I agree with Jeremy. There is an absence for a specific marker to indicate cell ischemia.

Richard is right. Molecular "markers" as HIF, RISK, p-Akt etc do not mark "hypoxia" but rather the cell response to hypoxia. Suppose you have a human red cell: if you put it in an anoxic environment, does it over-express HIF and Co? The answer is clearly no, but the cell is nevertheless "hypoxic". Moreover, various cell lines respond to different extents depending on many factors as their own metabolic activity, their own oxygen extraction and many others, but the degree of hypoxia is the same. Likewise, I expect that the various intracellular compartments may follow the same rules. I believe that the question should be reformulated. The response to ischemia may be somewhat different from that to hypoxia, but I suspect that the basic rules are more or less the same.

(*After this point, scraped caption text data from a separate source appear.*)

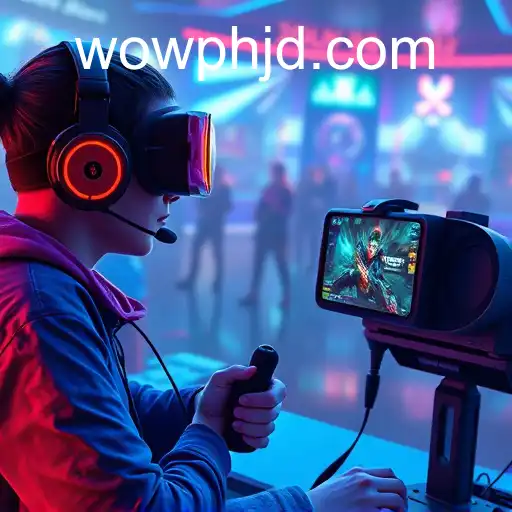 Gaming Dynamics: The Rise of Wowph and Its Evolving Community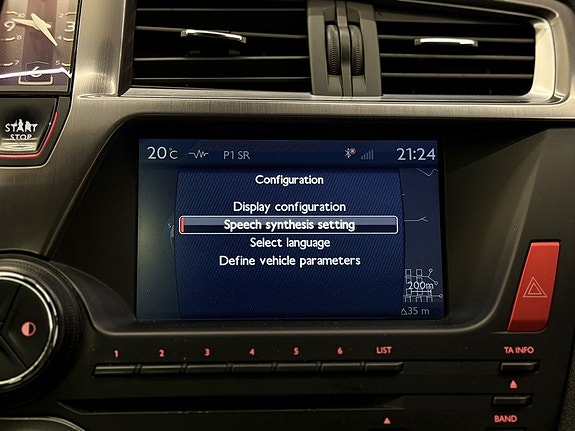 Citroen DS5 23 of 26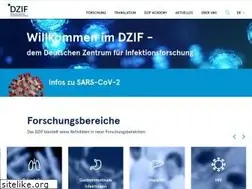 Sites similar to dzif.de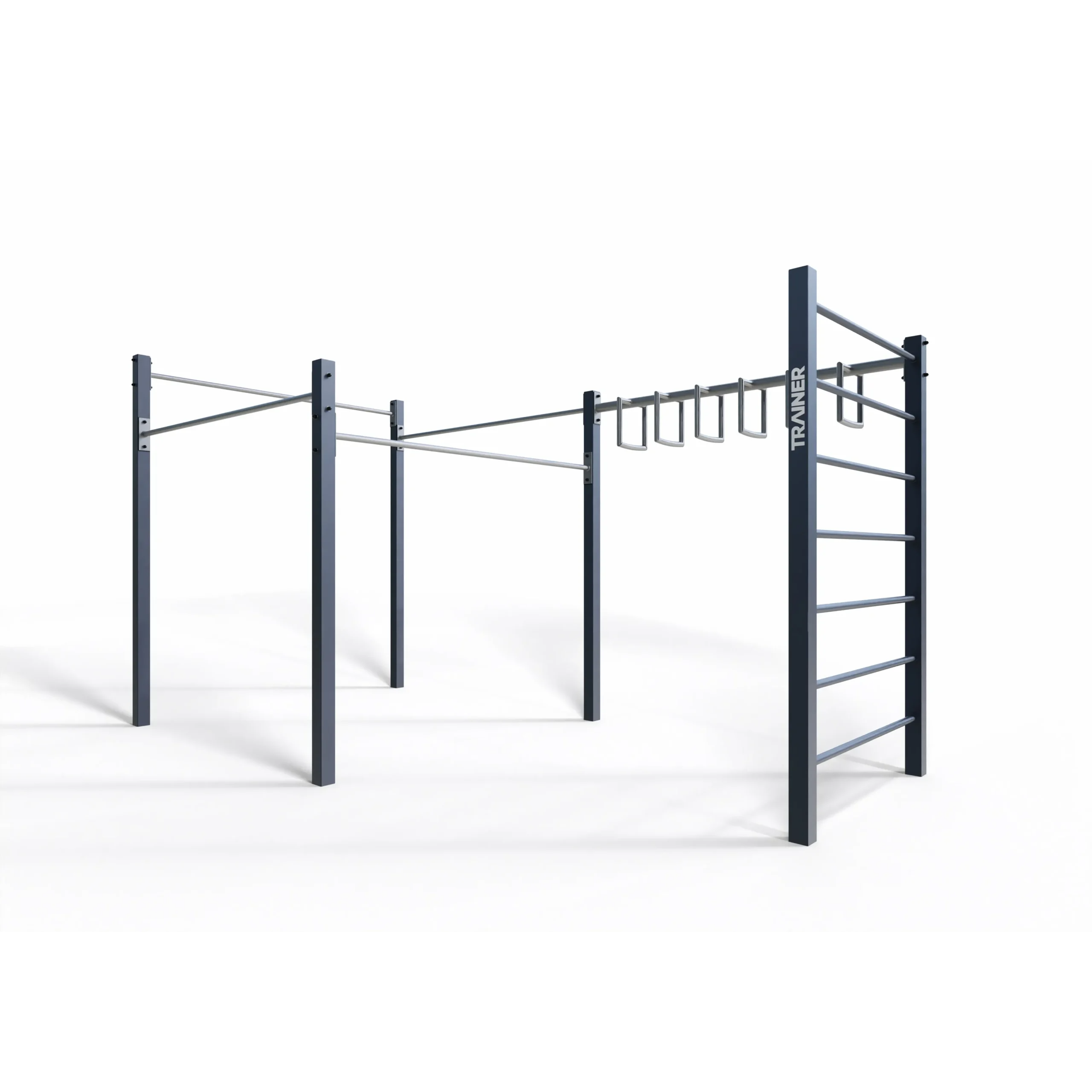 TRAINER Outdoor "Calisthenics" Park Equipment 06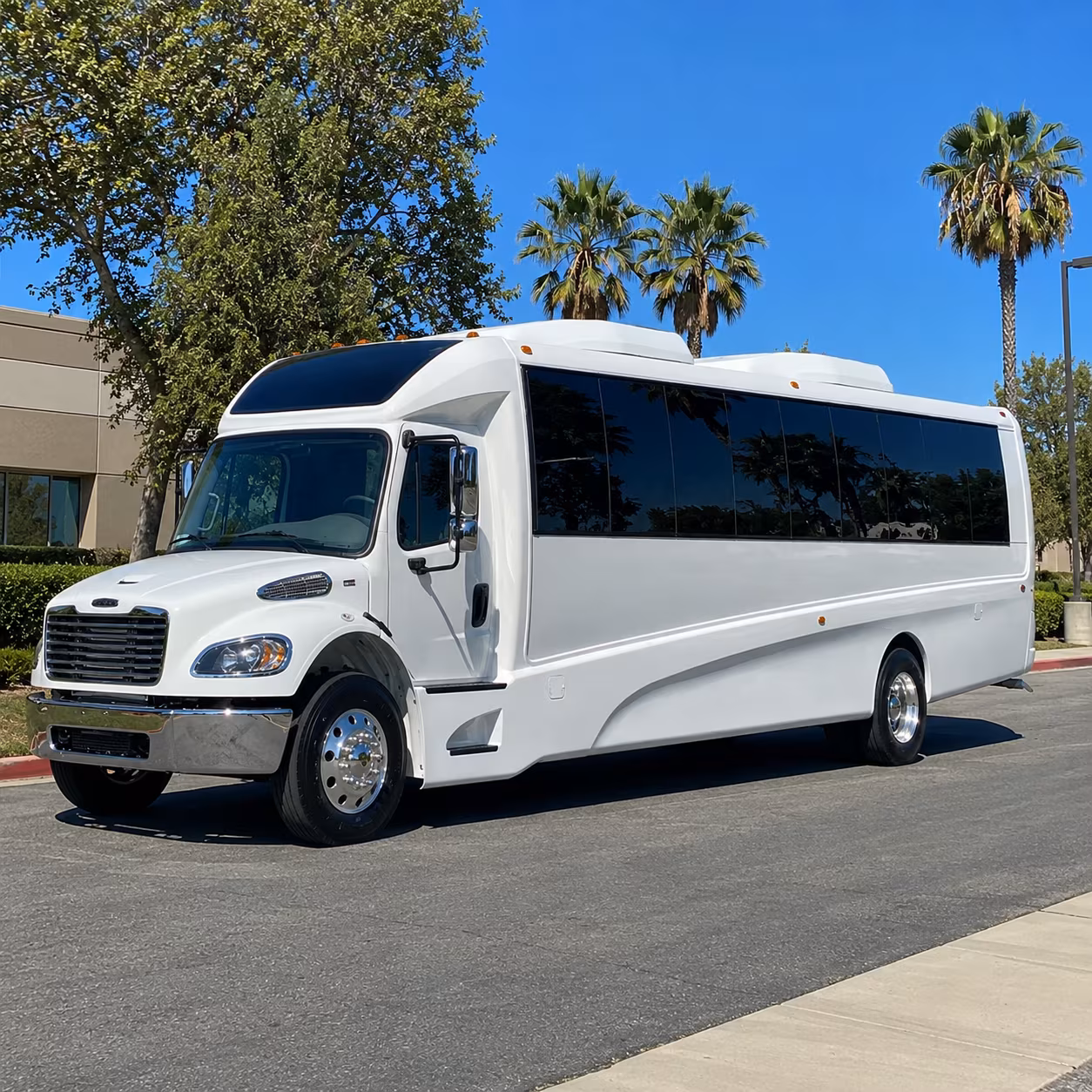 Elk Grove School Event Transportation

Thank you all my dear colleagues for you invaluable Tips. I guess i must have to clarify more. Since we can not measure the intracellular hypoxia levels in different zones , we have no option but to measure the response to hypoxia . In this case i'm trying to find out wether oxygen can penetrate deep into the cell core ( center of the cell ) or not . this is an study about the cell size and possible hypoxic core inside the cell . So I'm waiting for your new suggestions, like a way to measure PO2 measurement inside the cells or something like that .... which i'm sure would be helpful.

Hadi, the only thing I could suggest is to use imaging of mitochondria function (e.g. potential or cytochrome redox status) in different regions of the cell, but this would be open to all sorts of problems and criticisms, as the potential dyes are by no means perfect and detecting cytochrome redox not easy, mitoPD varies a lot, and peripheral mitochondria may be different anyhow. The only thing you could do is to show the effects of going from hyperoxia to normoxia to hypoxia, and see if there are differential changes between the core and periphery. I don't think I would want to do this...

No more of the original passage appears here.